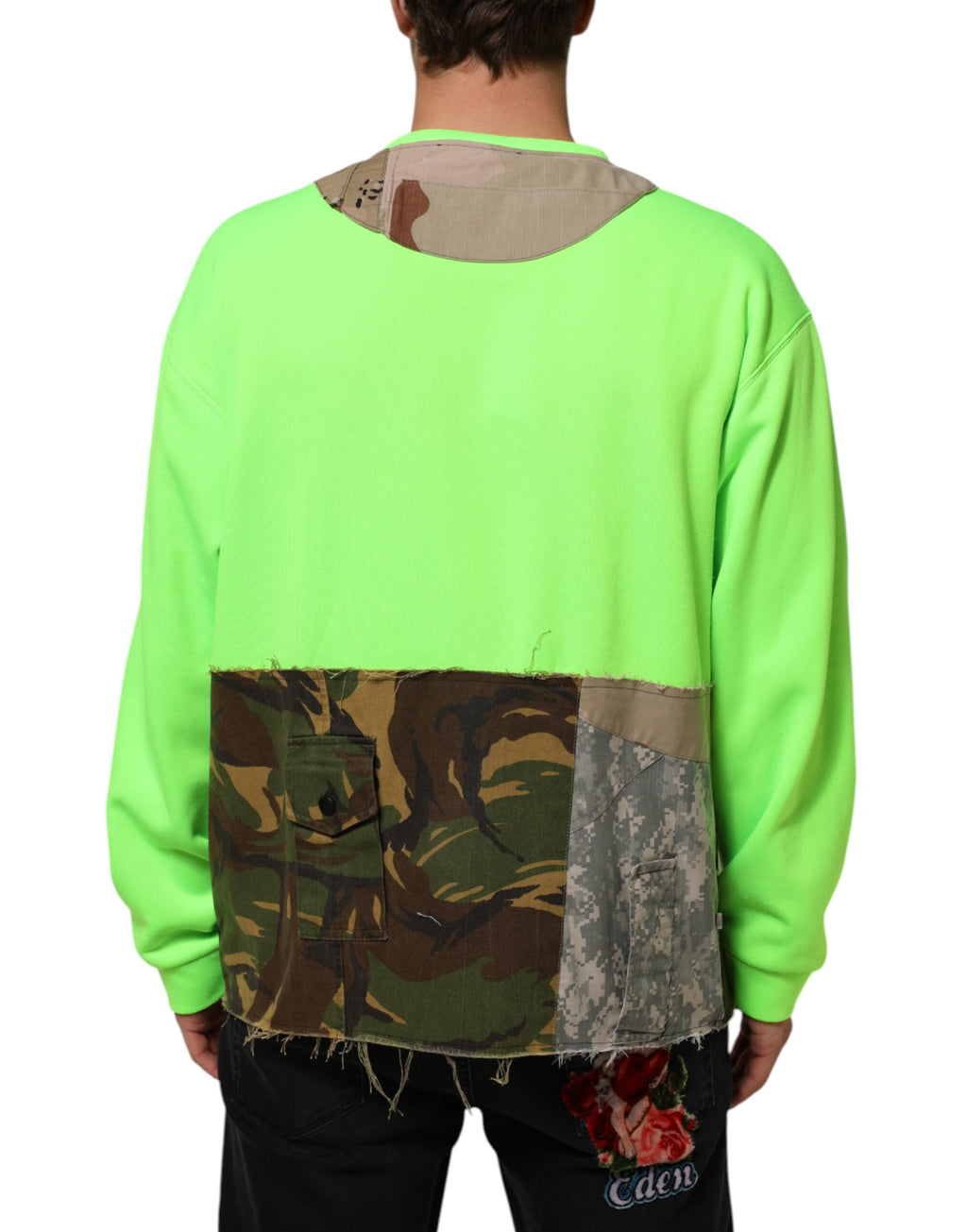 Green Patchwork Men Sweatshirt Sweater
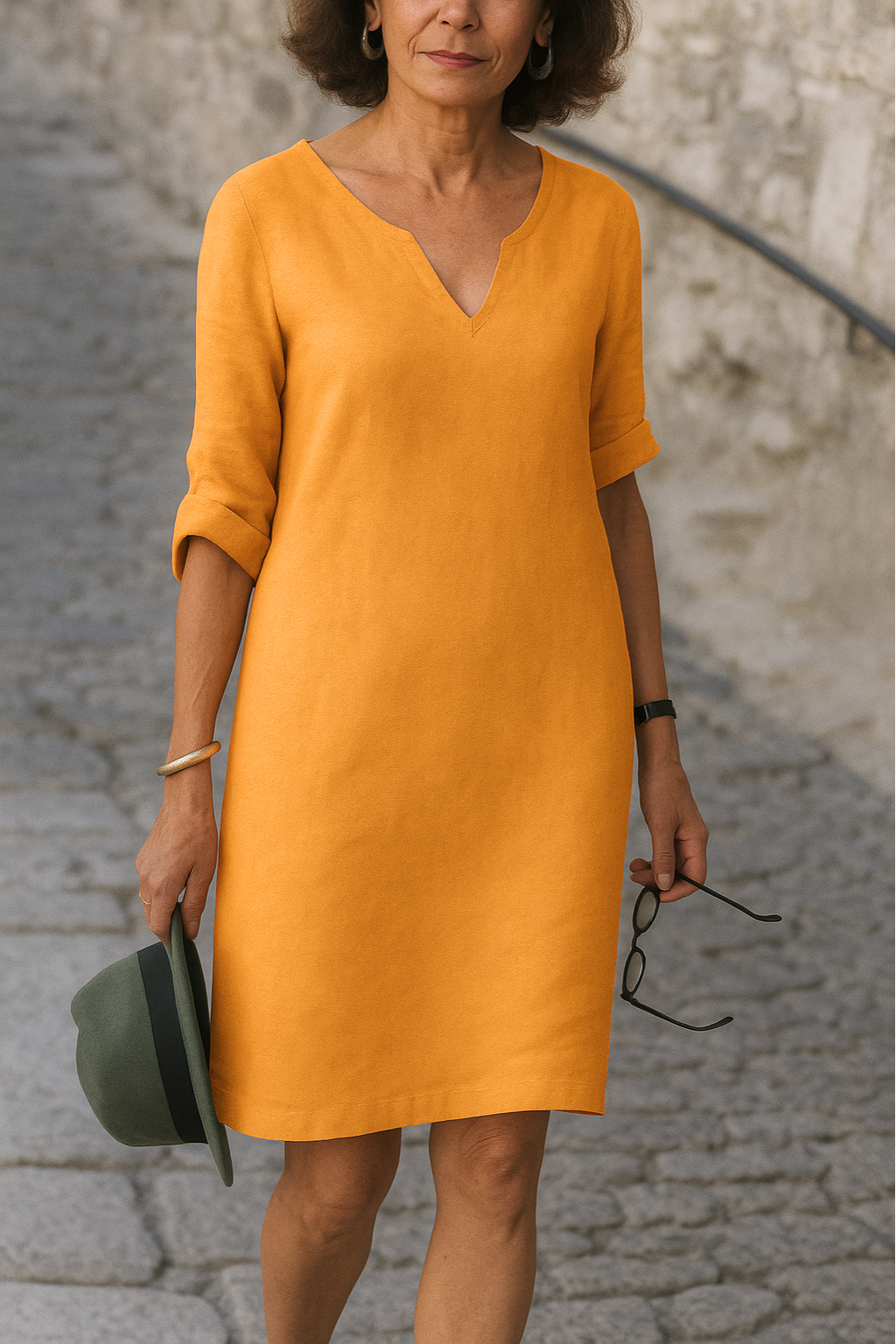 Lea – Vestido Elegante com Decote em V
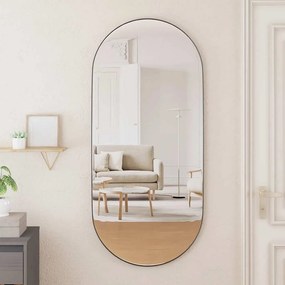 vidaXL Espelho de parede oval 45x100 cm preto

YOUR GOAL: Write the lines from the one containing "Lea – Vestido Elegante com Decote em V" through the end of the data above exactly as they appear, and do not carry over any picture.

EXERCISE RESPONSE:
 Lea – Vestido Elegante com Decote em V
 vidaXL Espelho de parede oval 45x100 cm preto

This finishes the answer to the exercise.